[Short web captions]
[Start of section]
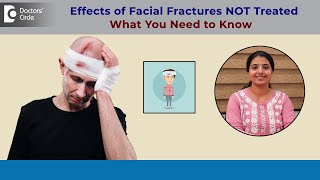 7 Complications of Untreated Fractures of Face  Fracture Malunion DrShama Mohan Doctors Circle [upl. by Pontius813]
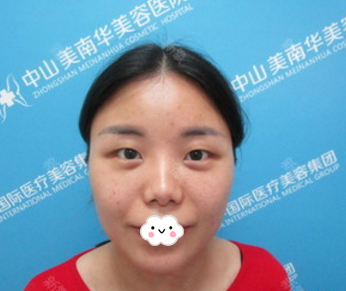中山美南华美容医院赖院双眼皮风格怎么样?【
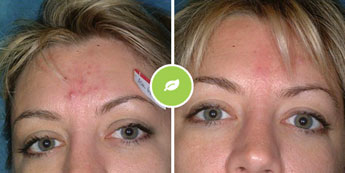 Dermal odstranjevanje aken Elos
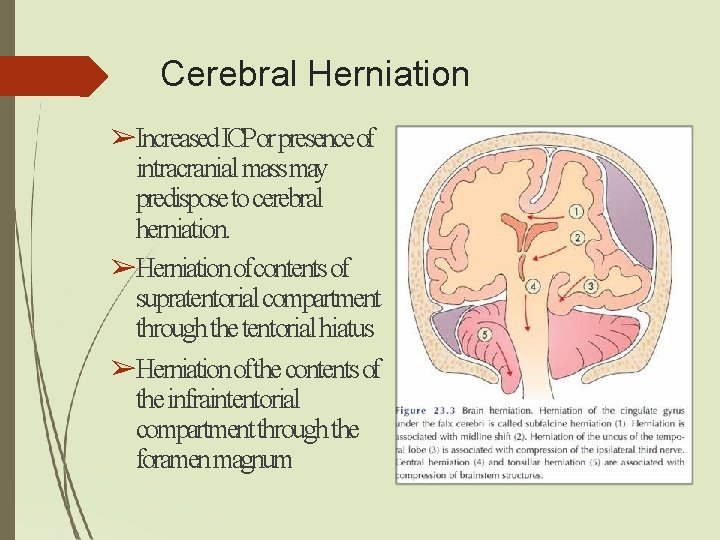 Cerebral Herniation ➢Increased ICPor presence of intracranial massmay predispose to cerebral herniation. ➢Herniation ofcontents Cerebral Herniation ➢Increased ICPor presence of intracranial massmay predispose to cerebral herniation. ➢Herniation ofcontents
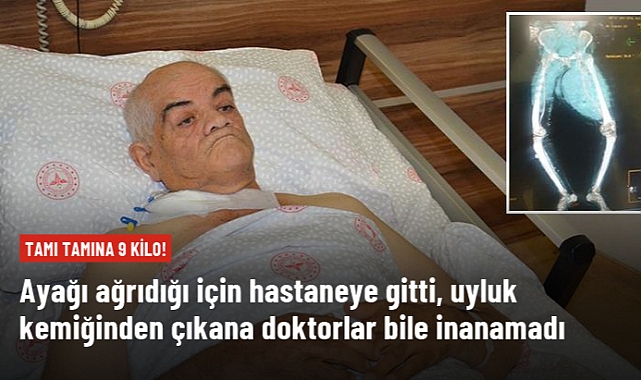AYAĞI AĞRIDIĞI İÇİN HASTANEYE GİTTİ, UYLUK KEMİĞİNDEN ÇIKANA DOKTORLAR BİLE İNANAMADI
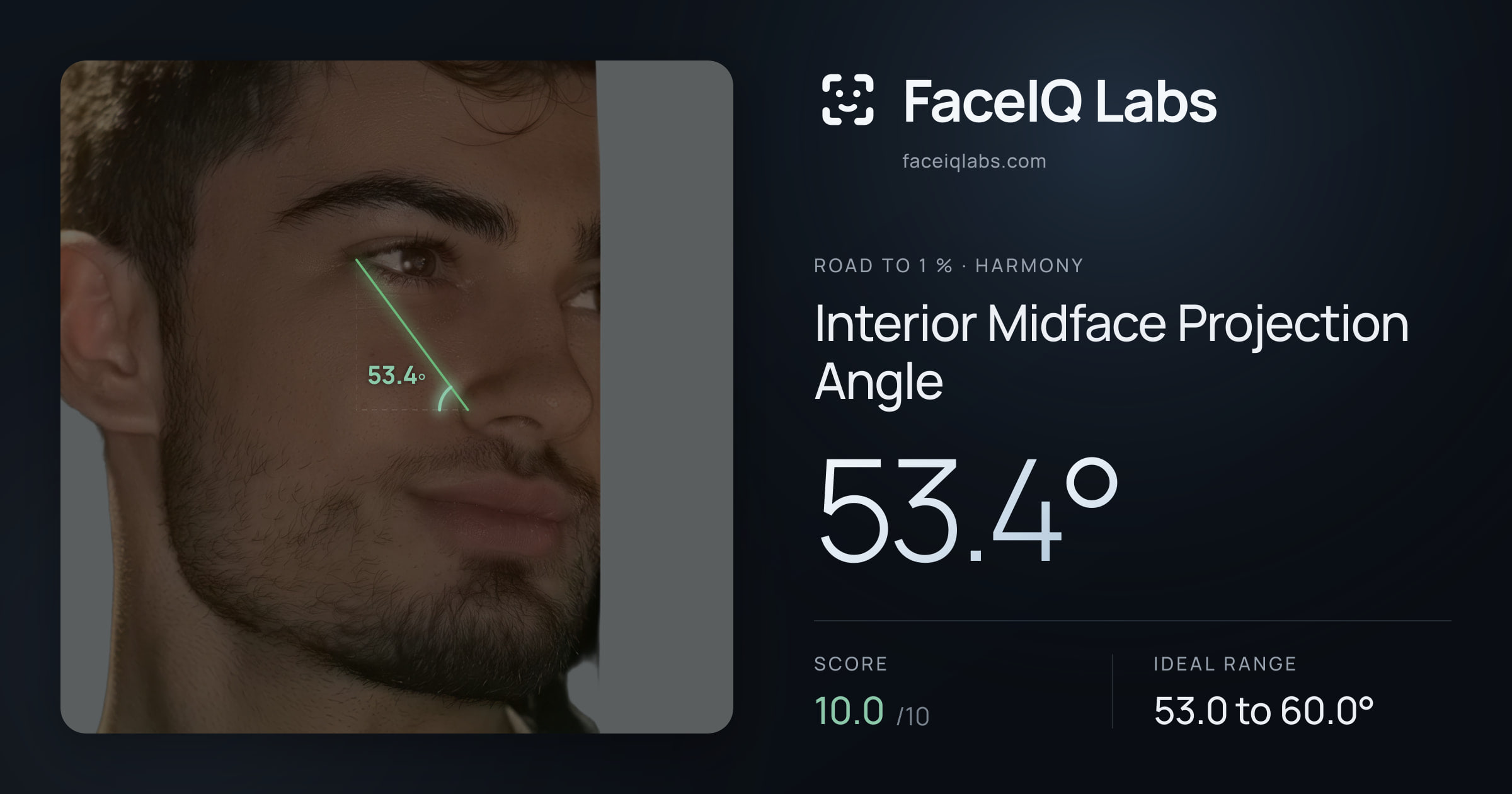 Road To 1 % Interior Midface Projection Angle: 53.4°, drawn on the photo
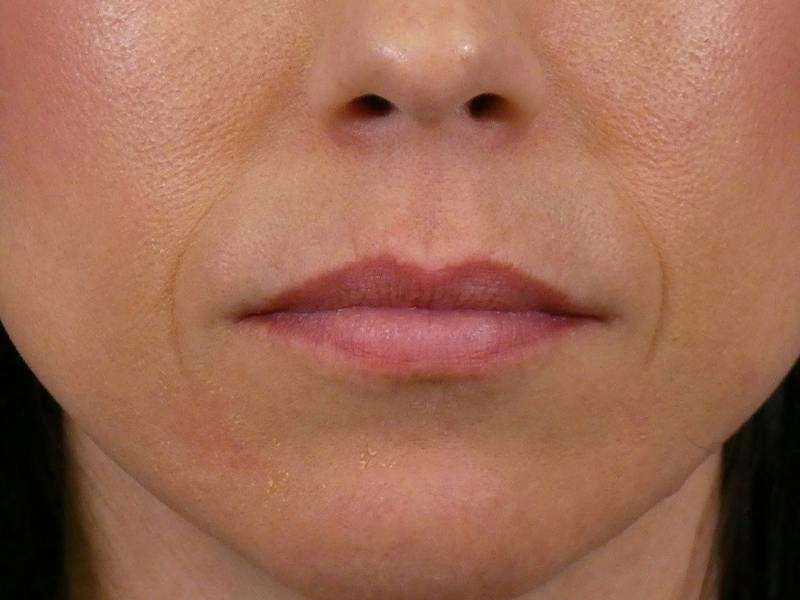 Lip Filler Before & After Gallery - Patient 288818 - Image 1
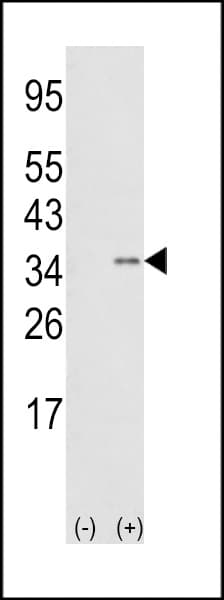 Polyclonal Rabbit anti-Human SNAI1 / SNAIL-1 Antibody (aa9-39, IHC, WB)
[End of section]
- Work to be completed: Exact copies of the lines from the one containing "ofcontents Cerebral Herniation" through the final line of the data are required; pictures are to be omitted.

- Exercise solution:
 Cerebral Herniation ➢Increased ICPor presence of intracranial massmay predispose to cerebral herniation. ➢Herniation ofcontents Cerebral Herniation ➢Increased ICPor presence of intracranial massmay predispose to cerebral herniation. ➢Herniation ofcontents
AYAĞI AĞRIDIĞI İÇİN HASTANEYE GİTTİ, UYLUK KEMİĞİNDEN ÇIKANA DOKTORLAR BİLE İNANAMADI
 Road To 1 % Interior Midface Projection Angle: 53.4°, drawn on the photo
 Lip Filler Before & After Gallery - Patient 288818 - Image 1
 Polyclonal Rabbit anti-Human SNAI1 / SNAIL-1 Antibody (aa9-39, IHC, WB)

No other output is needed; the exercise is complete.